Forum Moderators: phranque
I would like to identify these automated user agents and temporarily block them. But I need to make sure I don't block the real search engine spiders.
I have a rewrite rule that Apache uses to look in a file for IPs to block (and then send a Forbidden) status back right away.
My thought is to maintain a cache of addresses that are hitting us frequently but whose user agents are not those we know we want. Once an IP exceeeds some threshold, we write their address to the list that Apache looks at and they are banned.
I would prefer not to reinvent this wheel -- does anyone know of some existing strategies or software that will help me with this problem? Our code is Java running in Tomcat, and our web server is Apache, all running on Linux.
Thanks in advance!
Sublime1
I looked at a mod_throttle I found via Google and it appears to work the other direction: specifying how much bandwidth a given site (virtual host, I guess) on a given web server can use.

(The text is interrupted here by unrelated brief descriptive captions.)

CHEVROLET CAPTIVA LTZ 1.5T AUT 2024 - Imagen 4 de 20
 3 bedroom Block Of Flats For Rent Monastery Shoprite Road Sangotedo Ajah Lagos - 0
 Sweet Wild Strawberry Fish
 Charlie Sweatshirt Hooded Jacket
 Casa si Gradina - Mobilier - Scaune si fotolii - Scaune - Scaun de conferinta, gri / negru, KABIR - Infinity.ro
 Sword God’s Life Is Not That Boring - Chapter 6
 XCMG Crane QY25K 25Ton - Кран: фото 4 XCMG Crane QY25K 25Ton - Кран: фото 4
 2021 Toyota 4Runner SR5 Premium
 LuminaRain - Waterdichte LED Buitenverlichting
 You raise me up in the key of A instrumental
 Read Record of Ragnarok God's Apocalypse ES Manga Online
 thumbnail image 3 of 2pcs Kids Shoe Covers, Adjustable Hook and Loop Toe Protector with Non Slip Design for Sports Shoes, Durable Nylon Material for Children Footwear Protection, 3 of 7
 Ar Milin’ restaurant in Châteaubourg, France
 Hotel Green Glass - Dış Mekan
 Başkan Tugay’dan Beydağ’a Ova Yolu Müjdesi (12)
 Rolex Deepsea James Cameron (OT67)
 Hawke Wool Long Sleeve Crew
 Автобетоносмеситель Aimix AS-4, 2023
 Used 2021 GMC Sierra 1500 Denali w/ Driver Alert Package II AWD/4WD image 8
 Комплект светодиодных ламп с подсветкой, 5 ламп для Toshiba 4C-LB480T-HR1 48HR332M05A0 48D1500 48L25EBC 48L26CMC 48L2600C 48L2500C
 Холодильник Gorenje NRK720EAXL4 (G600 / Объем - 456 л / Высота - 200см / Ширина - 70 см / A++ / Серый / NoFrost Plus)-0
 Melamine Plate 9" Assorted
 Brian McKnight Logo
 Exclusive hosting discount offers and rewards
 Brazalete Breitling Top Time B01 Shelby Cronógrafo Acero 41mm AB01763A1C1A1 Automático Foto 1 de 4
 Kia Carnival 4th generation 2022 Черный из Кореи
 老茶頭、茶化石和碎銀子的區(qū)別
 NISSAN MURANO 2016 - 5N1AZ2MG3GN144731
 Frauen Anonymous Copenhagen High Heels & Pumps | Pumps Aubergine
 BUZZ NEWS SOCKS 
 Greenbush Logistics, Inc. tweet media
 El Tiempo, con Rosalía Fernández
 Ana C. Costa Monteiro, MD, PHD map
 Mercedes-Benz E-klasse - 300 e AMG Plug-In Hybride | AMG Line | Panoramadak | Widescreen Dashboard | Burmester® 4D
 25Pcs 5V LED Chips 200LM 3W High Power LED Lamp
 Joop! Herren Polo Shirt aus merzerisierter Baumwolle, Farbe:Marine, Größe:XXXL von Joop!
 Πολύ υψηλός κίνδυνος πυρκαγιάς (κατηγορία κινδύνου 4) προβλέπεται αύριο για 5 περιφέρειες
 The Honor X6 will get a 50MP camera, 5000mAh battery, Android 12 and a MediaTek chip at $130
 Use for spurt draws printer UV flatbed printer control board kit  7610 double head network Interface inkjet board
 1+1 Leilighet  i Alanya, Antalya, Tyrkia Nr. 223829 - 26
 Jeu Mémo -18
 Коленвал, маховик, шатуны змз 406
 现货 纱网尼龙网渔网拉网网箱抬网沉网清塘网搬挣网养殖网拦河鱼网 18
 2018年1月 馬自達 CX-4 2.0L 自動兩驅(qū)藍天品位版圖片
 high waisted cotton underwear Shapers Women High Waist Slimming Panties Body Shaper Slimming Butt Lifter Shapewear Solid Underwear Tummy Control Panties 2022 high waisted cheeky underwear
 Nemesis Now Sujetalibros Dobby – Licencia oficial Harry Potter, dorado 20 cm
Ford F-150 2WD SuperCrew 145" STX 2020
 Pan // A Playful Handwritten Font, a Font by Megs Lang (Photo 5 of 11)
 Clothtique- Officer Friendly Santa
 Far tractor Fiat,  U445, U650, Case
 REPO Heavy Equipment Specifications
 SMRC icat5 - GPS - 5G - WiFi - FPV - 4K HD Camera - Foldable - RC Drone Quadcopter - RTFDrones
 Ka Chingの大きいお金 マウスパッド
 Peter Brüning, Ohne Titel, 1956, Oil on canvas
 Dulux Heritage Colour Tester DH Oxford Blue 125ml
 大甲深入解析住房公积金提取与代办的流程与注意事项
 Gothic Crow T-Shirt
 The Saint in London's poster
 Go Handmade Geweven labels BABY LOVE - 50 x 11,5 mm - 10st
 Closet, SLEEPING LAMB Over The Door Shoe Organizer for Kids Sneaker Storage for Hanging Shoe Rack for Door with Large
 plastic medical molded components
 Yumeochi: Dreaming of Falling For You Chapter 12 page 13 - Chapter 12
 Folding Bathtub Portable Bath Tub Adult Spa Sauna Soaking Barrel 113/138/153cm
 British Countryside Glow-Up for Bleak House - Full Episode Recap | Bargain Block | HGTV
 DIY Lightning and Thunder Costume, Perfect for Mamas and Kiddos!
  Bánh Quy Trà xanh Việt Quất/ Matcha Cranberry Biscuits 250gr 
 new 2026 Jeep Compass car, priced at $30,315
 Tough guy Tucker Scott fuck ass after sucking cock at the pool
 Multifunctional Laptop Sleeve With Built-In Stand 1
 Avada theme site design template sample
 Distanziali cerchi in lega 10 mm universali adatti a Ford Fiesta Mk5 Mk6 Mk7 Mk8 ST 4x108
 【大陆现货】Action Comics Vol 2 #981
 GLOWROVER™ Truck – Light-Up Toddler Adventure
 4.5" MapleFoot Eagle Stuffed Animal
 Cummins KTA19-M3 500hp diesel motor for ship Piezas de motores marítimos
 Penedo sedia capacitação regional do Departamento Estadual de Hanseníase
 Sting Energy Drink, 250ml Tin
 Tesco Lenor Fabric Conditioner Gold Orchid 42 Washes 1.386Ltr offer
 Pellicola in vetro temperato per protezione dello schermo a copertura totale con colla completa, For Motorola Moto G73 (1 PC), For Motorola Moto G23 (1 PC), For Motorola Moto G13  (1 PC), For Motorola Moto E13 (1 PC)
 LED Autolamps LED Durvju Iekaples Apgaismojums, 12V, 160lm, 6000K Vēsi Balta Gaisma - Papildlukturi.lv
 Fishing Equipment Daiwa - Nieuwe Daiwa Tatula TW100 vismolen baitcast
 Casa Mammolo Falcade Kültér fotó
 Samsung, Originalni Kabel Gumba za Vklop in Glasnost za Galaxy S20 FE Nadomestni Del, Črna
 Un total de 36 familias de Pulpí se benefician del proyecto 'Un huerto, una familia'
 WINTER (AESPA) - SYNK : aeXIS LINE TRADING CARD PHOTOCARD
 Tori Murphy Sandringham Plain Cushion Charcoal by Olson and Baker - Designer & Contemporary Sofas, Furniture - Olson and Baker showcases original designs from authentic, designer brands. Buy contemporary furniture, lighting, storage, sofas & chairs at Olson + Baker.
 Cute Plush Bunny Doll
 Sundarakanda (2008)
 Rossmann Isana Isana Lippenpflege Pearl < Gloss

I am looking for something that would detect patterns of incoming requests that tend to identify a spider, for example an excessive rate of requests from a given host.
or maybe i'm misunderstanding your request?
-kpaul
edit to add from the first goog site: [[Also mod_throttle can track and throttle incoming connections by IP address or by authenticated remote user.]]
Use .htaccess to block bad bots or visitors you don't care to have. Many useful posts on this subject by searching this site like here [google.com] and here [google.com].